Kristof and WuDunn stress the importance of individuals speaking up and resisting—but it’s here that their proposals (or, at least, their exhortations) seem questionable. Mukhtar Mai, Usha Narayane, and Sunitha Krishnan are clearly remarkable women, and deserve every support, but it is also true that they are very rare, brave, and driven individuals—and lucky, because their work clearly carries a very high risk. In a society where all the power is elsewhere, resisting is very likely to end in defeat and quite possibly death. Even though the authors themselves, relatively affluent Westerners, clearly do not lead a safe life (there’s a very casual reference to Kristof’s involvement in a plane crash in the Congo), it still seems that it’s no one’s place to push others to take such risks. It’s not enough to rely on a few brave individuals being prepared to fight for change.

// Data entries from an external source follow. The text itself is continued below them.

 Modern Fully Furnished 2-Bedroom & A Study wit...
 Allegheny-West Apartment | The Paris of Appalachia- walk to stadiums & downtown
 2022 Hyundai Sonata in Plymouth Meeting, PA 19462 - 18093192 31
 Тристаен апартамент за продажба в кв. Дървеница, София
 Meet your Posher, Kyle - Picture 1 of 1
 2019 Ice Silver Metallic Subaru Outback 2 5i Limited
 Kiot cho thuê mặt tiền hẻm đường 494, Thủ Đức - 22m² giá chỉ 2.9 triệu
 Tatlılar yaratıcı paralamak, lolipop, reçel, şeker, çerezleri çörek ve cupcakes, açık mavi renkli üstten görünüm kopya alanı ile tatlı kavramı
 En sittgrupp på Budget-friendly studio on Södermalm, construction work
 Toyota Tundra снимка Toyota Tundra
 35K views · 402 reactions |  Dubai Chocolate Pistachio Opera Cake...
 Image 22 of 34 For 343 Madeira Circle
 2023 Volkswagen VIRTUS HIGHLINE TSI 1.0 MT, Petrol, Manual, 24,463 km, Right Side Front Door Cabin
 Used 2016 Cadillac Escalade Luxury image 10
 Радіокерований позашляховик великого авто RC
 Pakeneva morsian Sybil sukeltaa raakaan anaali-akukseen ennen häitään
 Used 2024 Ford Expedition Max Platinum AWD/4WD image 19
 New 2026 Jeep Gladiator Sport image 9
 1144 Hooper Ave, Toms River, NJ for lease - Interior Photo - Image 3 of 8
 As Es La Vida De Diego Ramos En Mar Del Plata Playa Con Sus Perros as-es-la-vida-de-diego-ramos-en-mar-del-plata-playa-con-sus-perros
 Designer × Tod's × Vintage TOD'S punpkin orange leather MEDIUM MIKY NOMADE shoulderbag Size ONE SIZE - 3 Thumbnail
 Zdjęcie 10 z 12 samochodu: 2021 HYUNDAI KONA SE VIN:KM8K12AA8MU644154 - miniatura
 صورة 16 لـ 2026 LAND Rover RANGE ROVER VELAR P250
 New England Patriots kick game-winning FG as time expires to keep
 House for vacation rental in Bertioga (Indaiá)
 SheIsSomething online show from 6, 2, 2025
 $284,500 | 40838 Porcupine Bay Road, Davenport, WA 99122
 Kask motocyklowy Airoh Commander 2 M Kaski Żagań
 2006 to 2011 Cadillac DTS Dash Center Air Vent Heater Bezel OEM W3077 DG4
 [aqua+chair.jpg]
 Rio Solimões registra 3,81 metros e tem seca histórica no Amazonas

The authors are more convincing when they make a case for improving education for women, and for other initiatives (often local and small-scale) that empower women financially. Women who are well-educated and who have an independent income naturally find a voice in the family and in democratic society. They gain the power to speak out and resist the injustice they see around them, or are suffering themselves.
As the authors note, this is also consonant with the growing evidence suggesting that empowering women as political leaders alters policy, often in ways that empower other women. In my research, I have found that voters, especially male, are willing to alter their beliefs about women’s role in society when they see women leaders and, importantly, are then more likely to vote for women. I have also found that voter-information campaigns are effective in altering how slum dwellers in India vote—suggesting that the power of the ballot can potentially be harnessed to enable local action for women’s rights.
Kristof and WuDunn conclude by exhorting readers to take action. In an earlier chapter, the authors mention that stories about individuals are much more effective in promoting action than statistics. They might have more confidence in the stories they tell. The exhortation feels unnecessary, and perhaps even patronizing. The case for change has already been made—and some of the actions they suggest to casual readers, such as signing up for e-mail updates from www.womensnews.org and www.worldpulse.com, or volunteering in the developing world, sometimes feel more like an attempt at moral improvement of Westerners than effective ways to bring about change elsewhere.
Over and over, the narratives make the same point: the problem here is the invisibility of the oppression, the silence and powerlessness of the humiliated and the uneducated, the indifference of the unknowing world. It becomes clear that the answer is to bring what is hidden into the light—whether it’s oppression or neglect of individuals or groups, or the corruption of authorities—and to make it matter. That may be achieved by publicly supporting the brave individuals who speak out, and organize, and resist; or by working to give other women the economic status and education to be able to speak out without risk, to ensure for themselves that laws are enforced and women are treated with respect. It may also be achieved by using our positions as citizens of a rich and powerful country with relative freedom of speech to speak truths and make moral arguments that others don’t have the influence to make or freedom to say. In this book, Kristof and WuDunn have done exactly that.